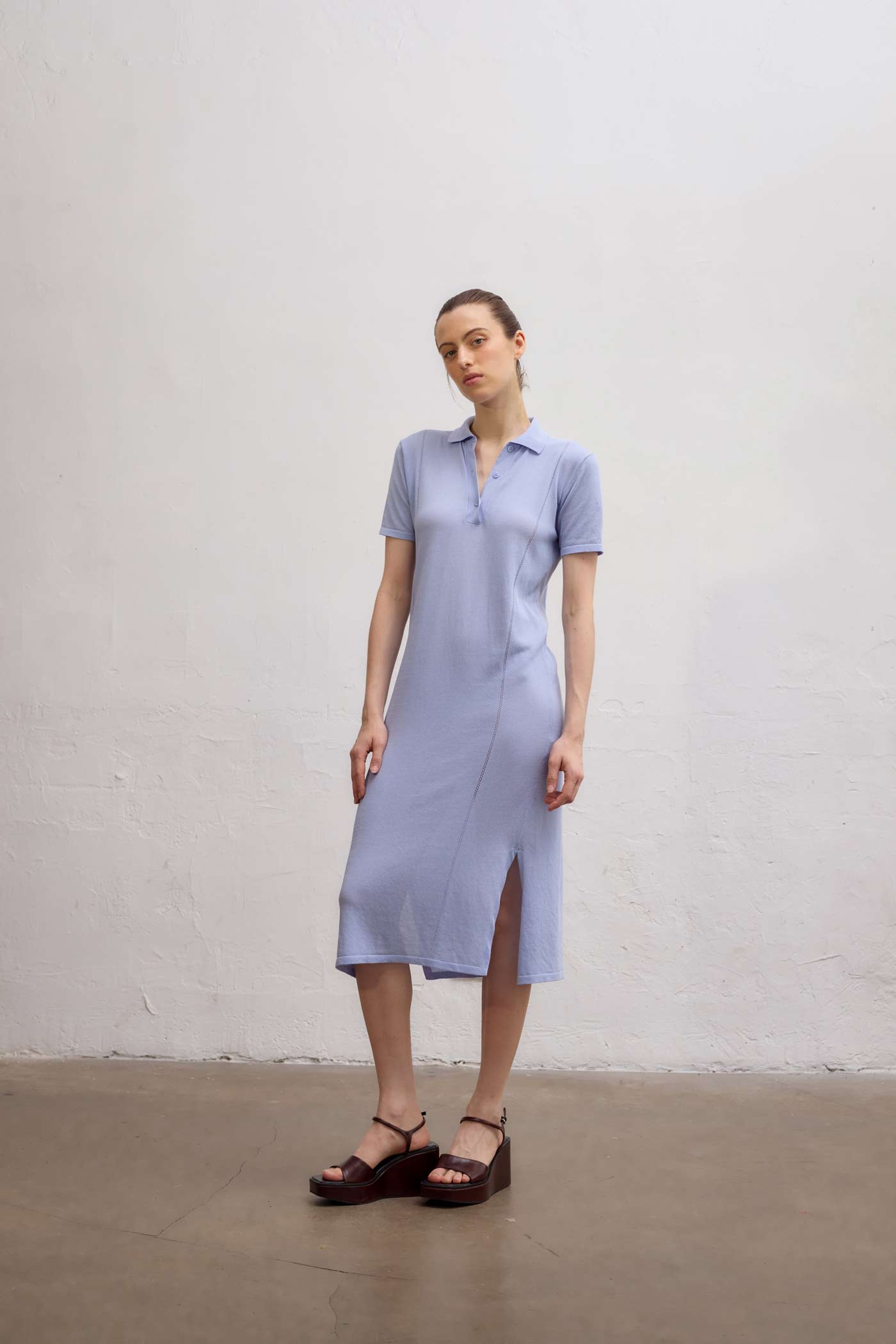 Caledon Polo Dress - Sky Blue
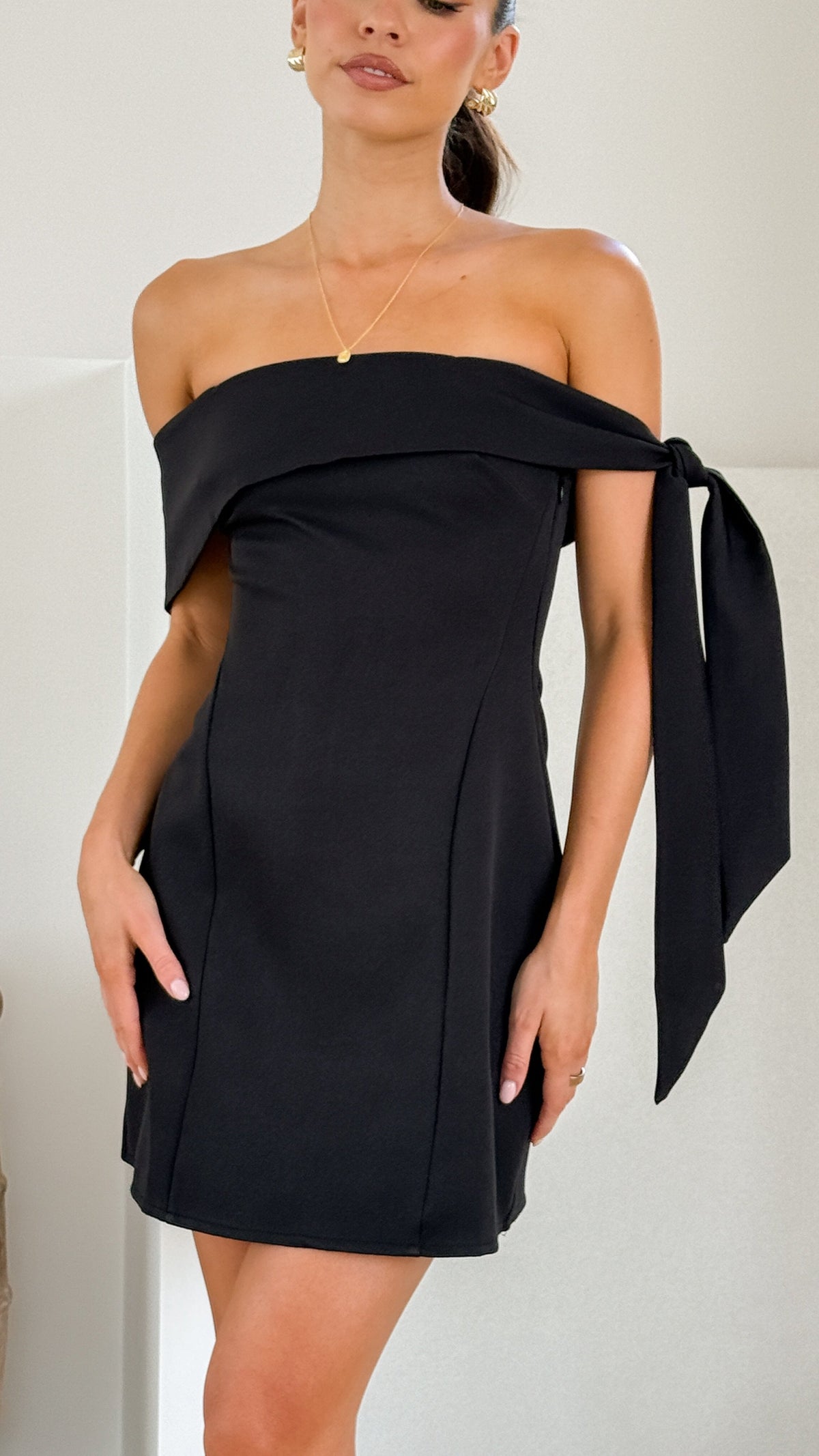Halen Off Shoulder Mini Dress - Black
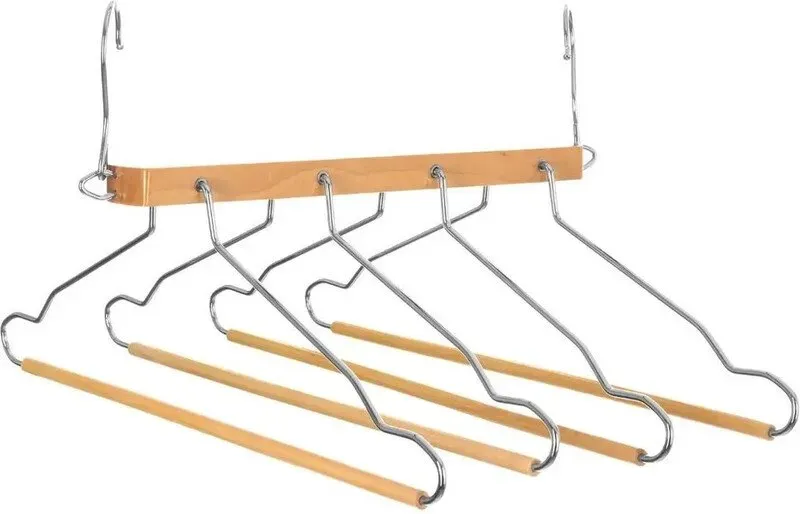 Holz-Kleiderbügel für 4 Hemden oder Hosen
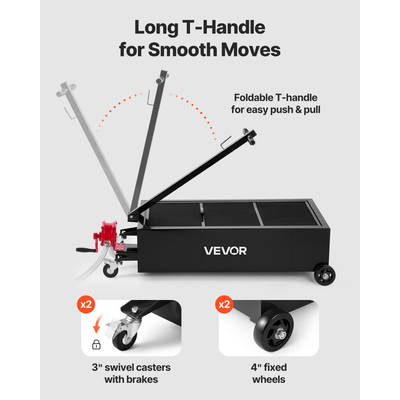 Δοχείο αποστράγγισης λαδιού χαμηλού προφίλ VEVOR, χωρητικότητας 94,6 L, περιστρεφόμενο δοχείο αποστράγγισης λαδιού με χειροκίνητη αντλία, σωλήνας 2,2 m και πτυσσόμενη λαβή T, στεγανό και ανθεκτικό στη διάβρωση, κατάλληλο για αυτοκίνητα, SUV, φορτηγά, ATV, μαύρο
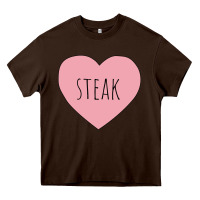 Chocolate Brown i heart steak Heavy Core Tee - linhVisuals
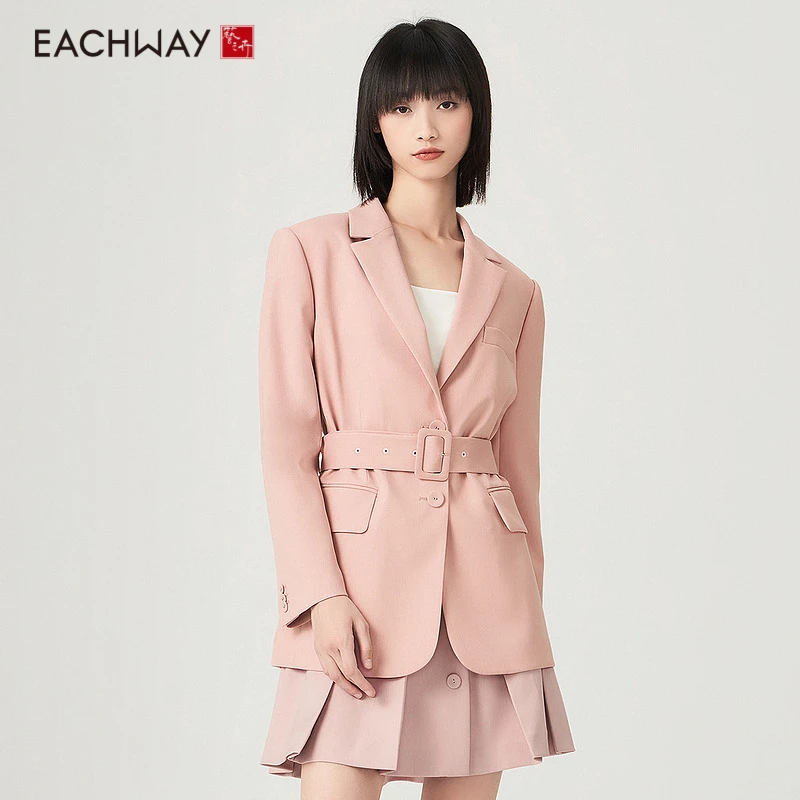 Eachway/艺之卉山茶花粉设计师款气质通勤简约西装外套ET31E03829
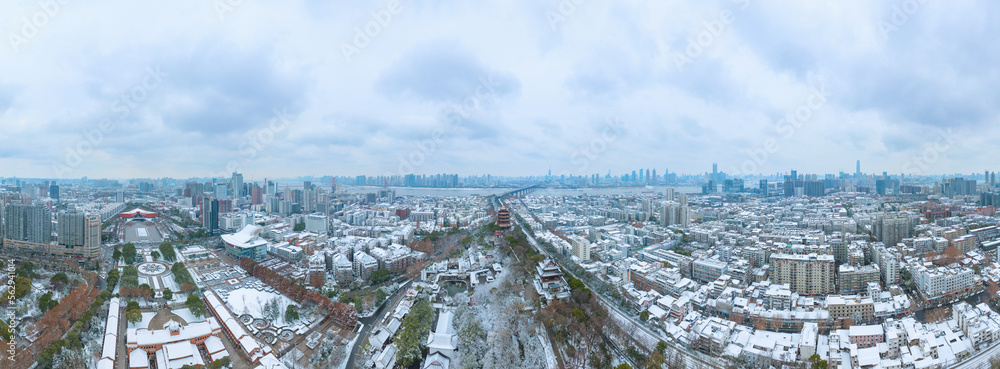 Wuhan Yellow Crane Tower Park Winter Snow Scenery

* * *

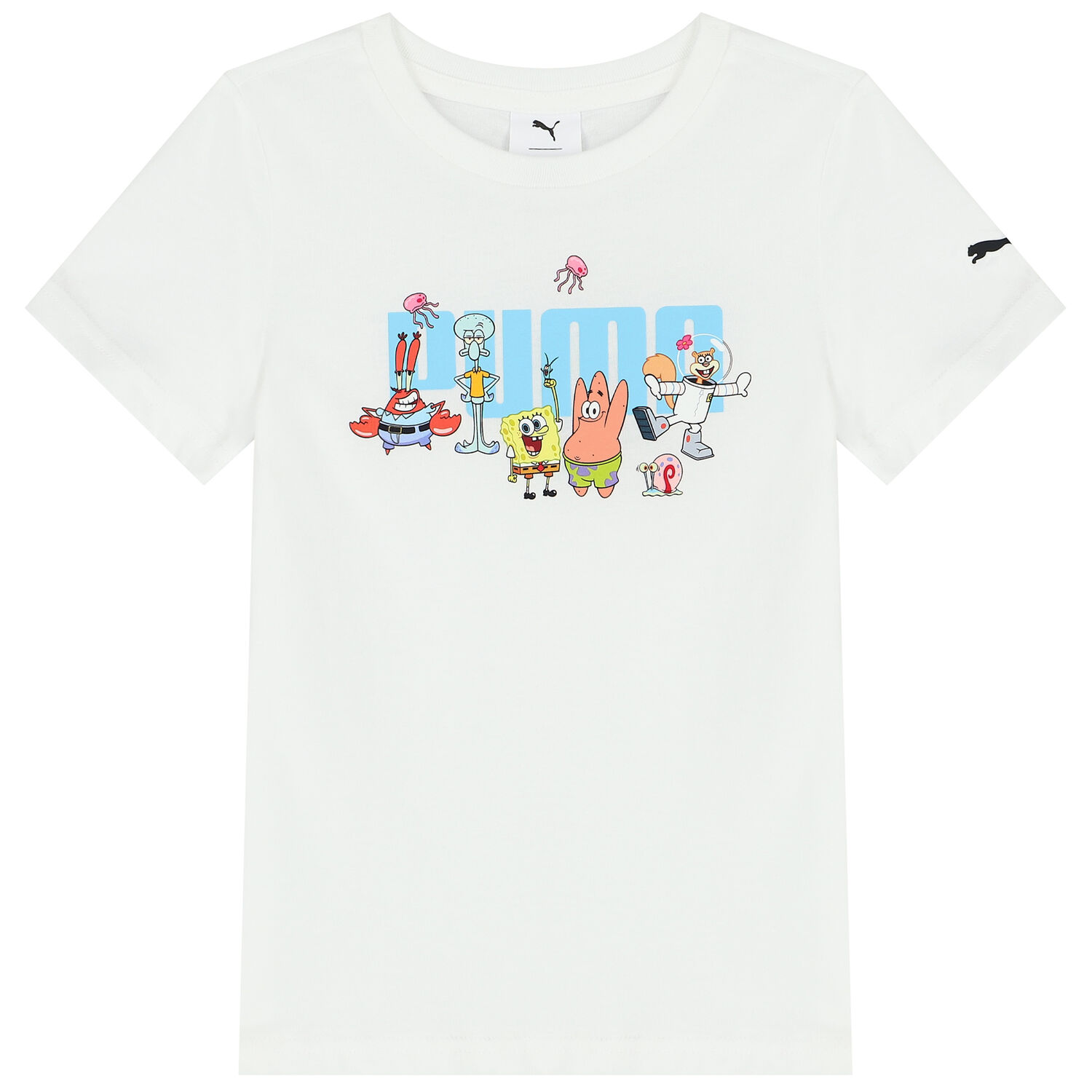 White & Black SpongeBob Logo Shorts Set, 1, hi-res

Directions :: Starting with the line that has "Δοχείο αποστράγγισης λαδιού χαμηλού" and going on through the line that has "Wuhan Yellow Crane", transcribe the records above exactly, but skip the pictures.

Task result ::
 Δοχείο αποστράγγισης λαδιού χαμηλού προφίλ VEVOR, χωρητικότητας 94,6 L, περιστρεφόμενο δοχείο αποστράγγισης λαδιού με χειροκίνητη αντλία, σωλήνας 2,2 m και πτυσσόμενη λαβή T, στεγανό και ανθεκτικό στη διάβρωση, κατάλληλο για αυτοκίνητα, SUV, φορτηγά, ATV, μαύρο
 Chocolate Brown i heart steak Heavy Core Tee - linhVisuals
 Eachway/艺之卉山茶花粉设计师款气质通勤简约西装外套ET31E03829
 Wuhan Yellow Crane Tower Park Winter Snow Scenery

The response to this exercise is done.